Here, we propose that, with the progress of institutional reform, the value of the state's helping hand will diminish and the ‘grabbing hand’ deficiencies of weak SOE governance will become increasingly salient. Several analysts suggest that inherent governance deficiencies have begun to surface in the ranks of SOE business groups. Initial reforms successfully cultivated a dynamic market orientation in the senior management of many enterprises. Charismatic chief executive officers who are closely identified with the rise of the particular enterprise have become a common phenomenon in China. Yet within a relatively short period of time, these powerful CEOs have become entrenched in their positions and are difficult to dislodge, even as the performance of their enterprise deteriorates (Clarke, 2003). Lin (2001) argues that officials who hold monitoring positions have few incentives to pursue their duties with any real vigour; heads of state ministries and senior bureaucrats are compensated according to standardized public sector payment systems that bear no relationship to the performance of the SOEs under their control. Lin (2001) concludes that the supervision of state firms is beset with serious moral hazard problems.
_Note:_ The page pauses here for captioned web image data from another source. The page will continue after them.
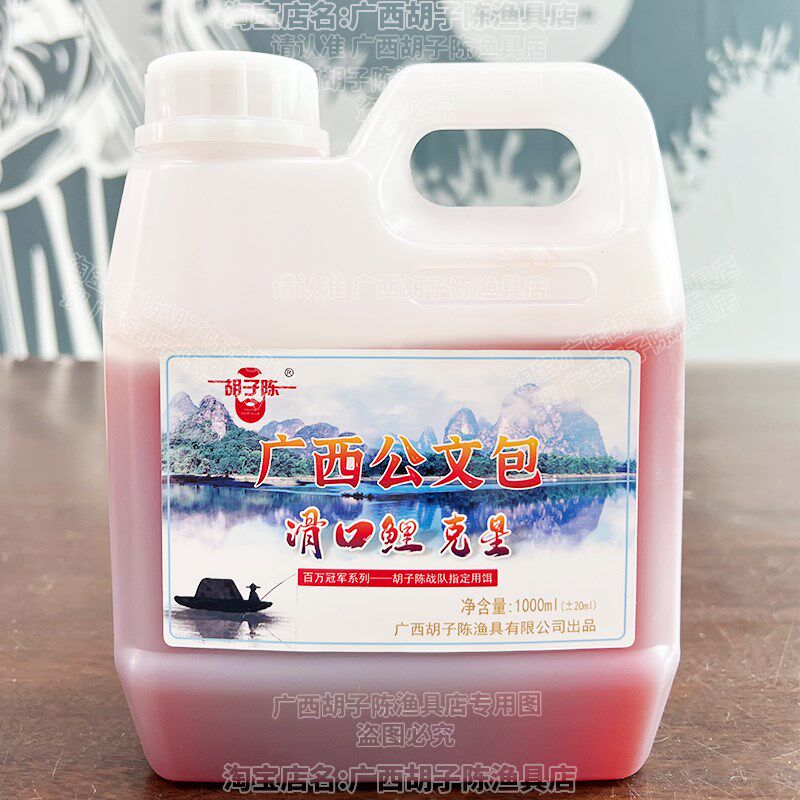 胡子陈广西公文包滑口鲤克星 黑坑回锅鲤鱼小药饵料窝.添加诱食剂,淘宝优惠券,粉丝福利购,淘宝优惠卷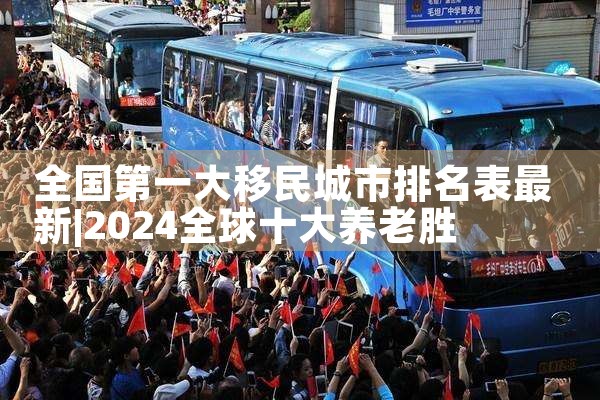 去日本打工多长时间可以拿绿卡啊知乎|日本移民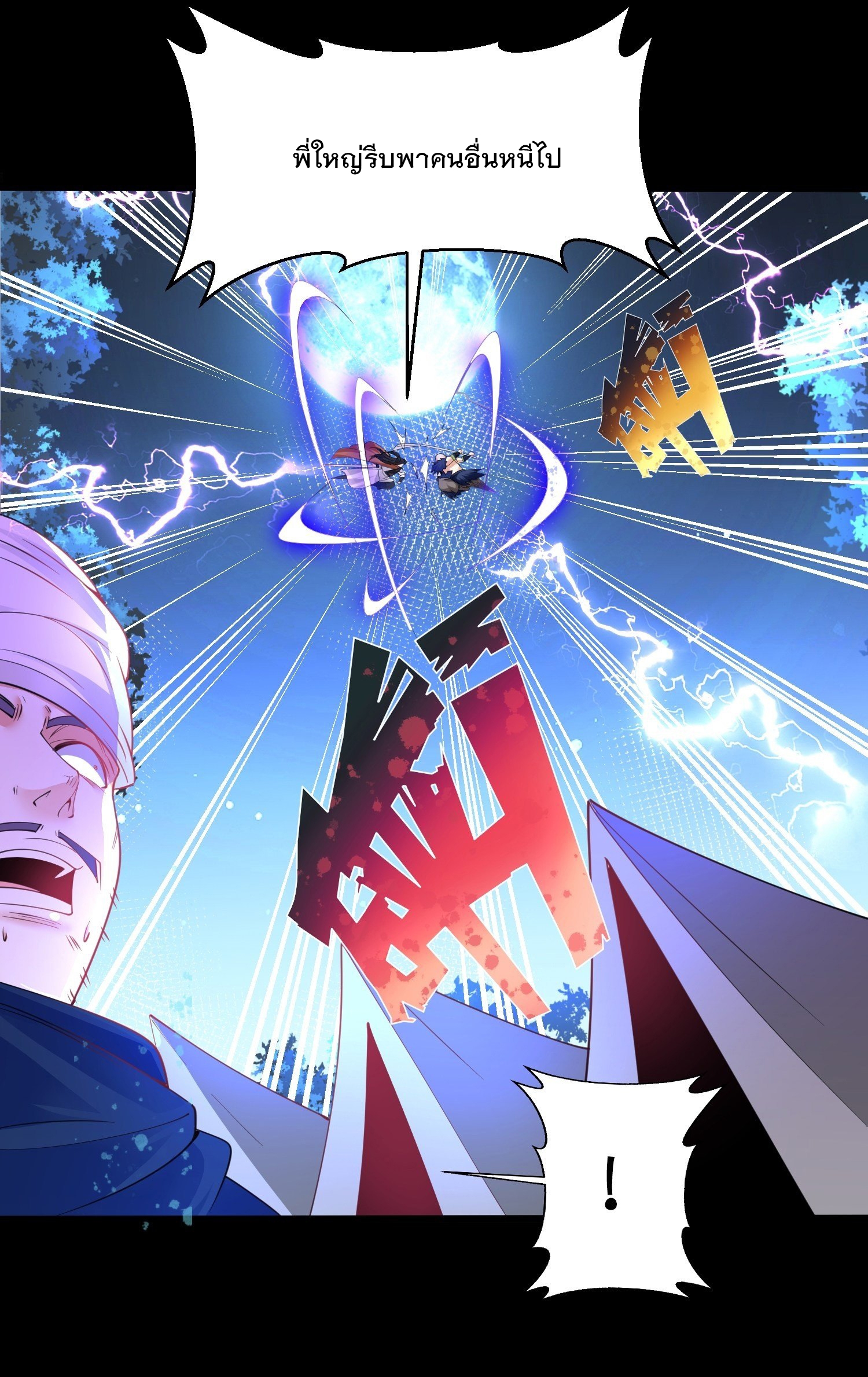 เทพกระบี่มรณะ (ชนจีน) ตอนที่ 50 หน้า 6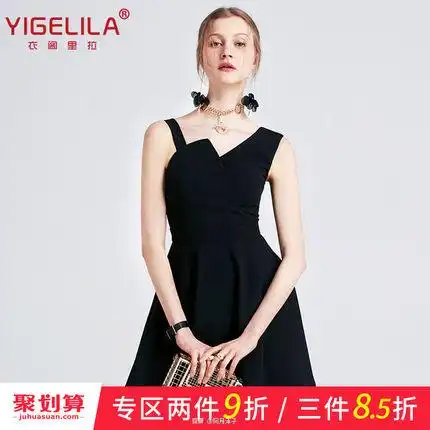 淘宝店铺合集女装篇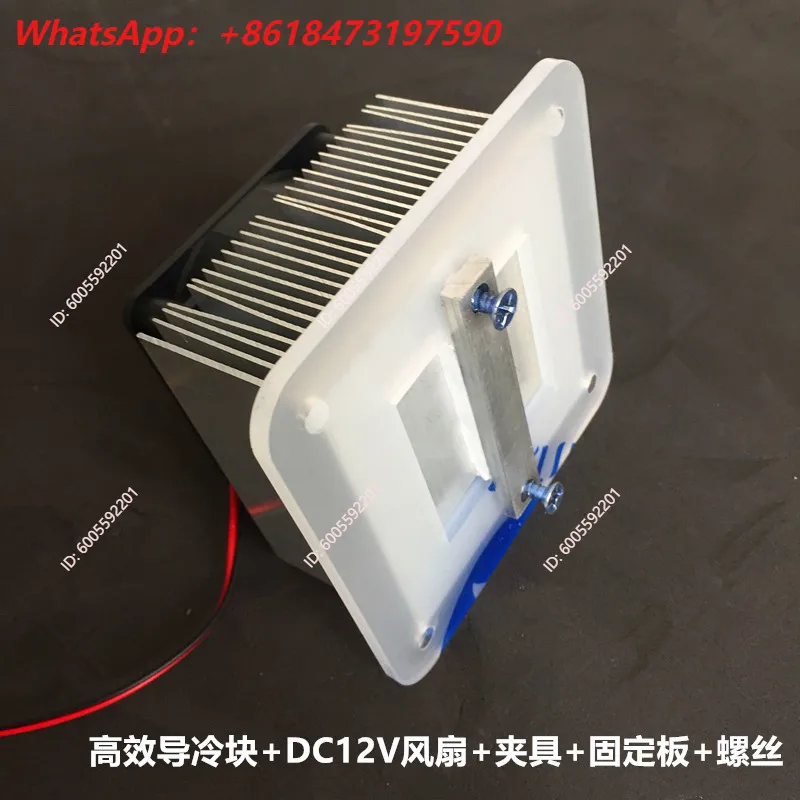 Best Aluminum conductive cold block alloy dense tooth refrigeration flat plate Diy small refrigerator pet air conditioning room
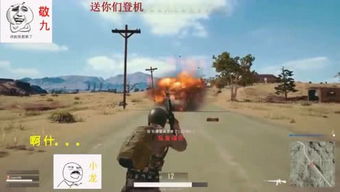 落日逃亡攻略游戏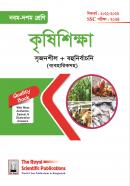 কৃষিশিক্ষা - এসএসসি ২০২৪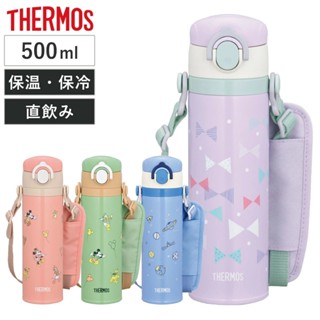 韓寶 ☆ THERMOS膳魔師 背帶式保溫瓶 直飲不鏽鋼保溫瓶 直飲式保溫瓶 小朋友大朋友都好用 JOI-501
Hahn and Lee (2006) propose that, due to inadequate supervision, business groups are characterized by large-scale asset diversion as managers seek to shield more valuable assets. Within these non-transparent insider structures, it is likely that senior managers may engage in self-serving behaviour, such as taking perks or extracting rents for personal use. Hence, while business group governance of SOEs may have filled ‘ownership voids’ (Ma et al., 2006) during the early stages of reform, we suggest that inadequately monitored SOE managers subsequently exploited these voids in a manner that negatively impacts firm performance.
Further, the protected SOE business environment has liberalized. Specifically, whereas state-owned business groups had previously enjoyed favourable access to financial resources and protection from competition prior to the 1997–1998 Asian financial crisis, thereafter, the government began to tighten their soft budget constraints. Product market competition sharpened due to the gradual dismantling of competitive restrictions in sectors previously reserved for national champions. The confluence of these contextual effects suggests a ‘negative amplification’ effect:
Hypothesis 6a: In later stages of reform, the performance impact of group affiliation will decrease if the firm is affiliated with an SOE-owned business group.
Hypothesis 6b: In later stages of reform, the performance benefits of SOE affiliation will decrease with the ownership stake of the state.